EXERCISE:
Each entry is to be given again precisely, and no picture may be carried over.

[Dataset entries]
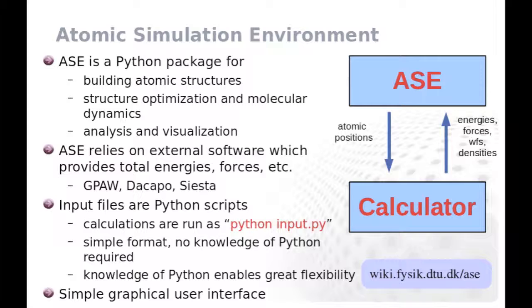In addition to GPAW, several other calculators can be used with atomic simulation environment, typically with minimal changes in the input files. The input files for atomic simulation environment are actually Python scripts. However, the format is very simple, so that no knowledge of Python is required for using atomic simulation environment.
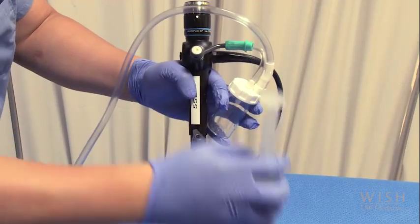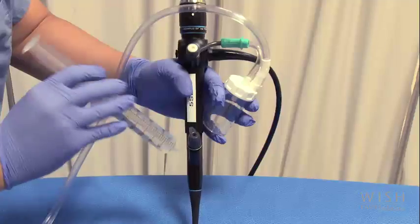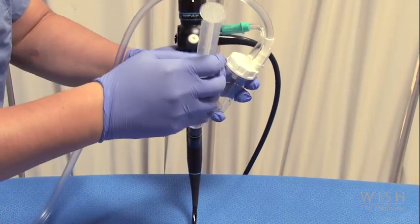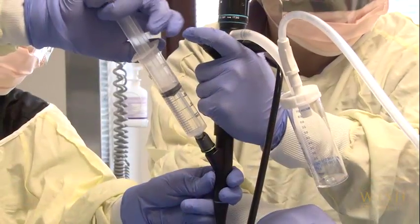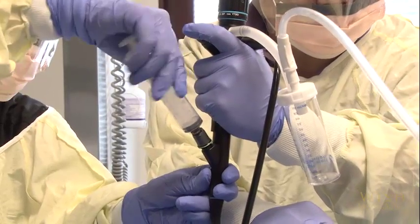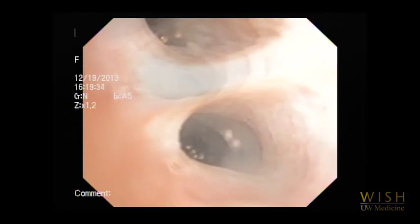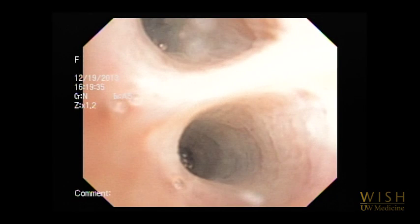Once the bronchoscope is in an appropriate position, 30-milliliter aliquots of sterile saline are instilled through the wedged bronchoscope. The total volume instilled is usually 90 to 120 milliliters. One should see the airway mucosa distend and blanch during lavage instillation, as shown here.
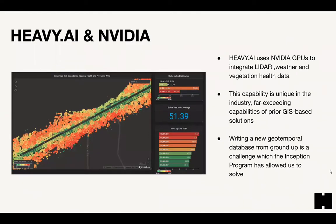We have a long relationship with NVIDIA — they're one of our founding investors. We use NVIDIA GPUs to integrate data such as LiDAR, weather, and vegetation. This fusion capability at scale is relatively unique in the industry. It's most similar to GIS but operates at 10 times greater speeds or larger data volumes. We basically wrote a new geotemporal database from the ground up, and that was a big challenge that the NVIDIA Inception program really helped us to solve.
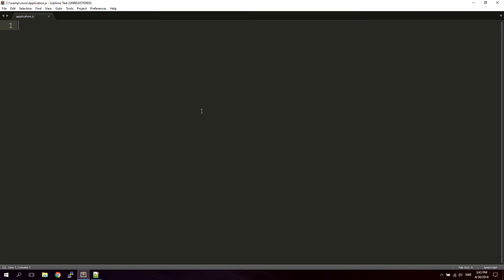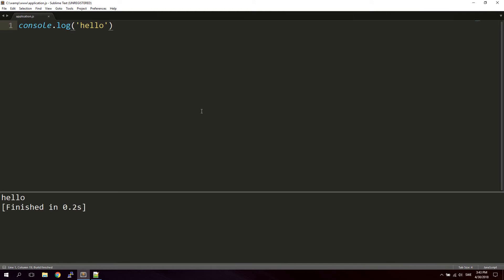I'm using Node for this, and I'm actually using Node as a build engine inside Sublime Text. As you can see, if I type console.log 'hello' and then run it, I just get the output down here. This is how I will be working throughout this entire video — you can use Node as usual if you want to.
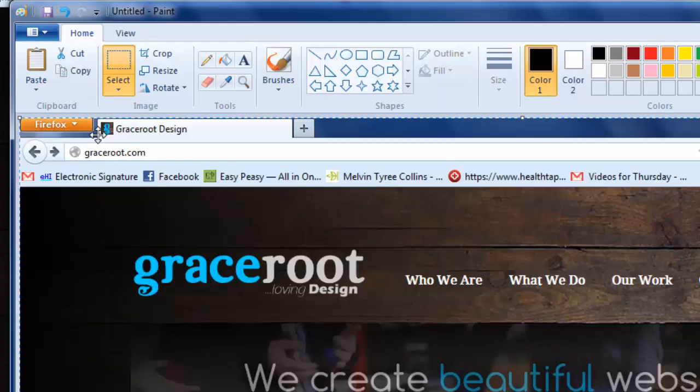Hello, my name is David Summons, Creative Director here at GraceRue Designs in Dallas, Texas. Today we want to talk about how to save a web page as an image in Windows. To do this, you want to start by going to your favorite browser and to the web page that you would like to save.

ANSWER TO THIS TASK:
In addition to GPAW, several other calculators can be used with atomic simulation environment, typically with minimal changes in the input files. The input files for atomic simulation environment are actually Python scripts. However, the format is very simple, so that no knowledge of Python is required for using atomic simulation environment.
Once the bronchoscope is in an appropriate position, 30-milliliter aliquots of sterile saline are instilled through the wedged bronchoscope. The total volume instilled is usually 90 to 120 milliliters. One should see the airway mucosa distend and blanch during lavage instillation, as shown here.
We have a long relationship with NVIDIA — they're one of our founding investors. We use NVIDIA GPUs to integrate data such as LiDAR, weather, and vegetation. This fusion capability at scale is relatively unique in the industry. It's most similar to GIS but operates at 10 times greater speeds or larger data volumes. We basically wrote a new geotemporal database from the ground up, and that was a big challenge that the NVIDIA Inception program really helped us to solve.
I'm using Node for this, and I'm actually using Node as a build engine inside Sublime Text. As you can see, if I type console.log 'hello' and then run it, I just get the output down here. This is how I will be working throughout this entire video — you can use Node as usual if you want to.
Hello, my name is David Summons, Creative Director here at GraceRue Designs in Dallas, Texas. Today we want to talk about how to save a web page as an image in Windows. To do this, you want to start by going to your favorite browser and to the web page that you would like to save.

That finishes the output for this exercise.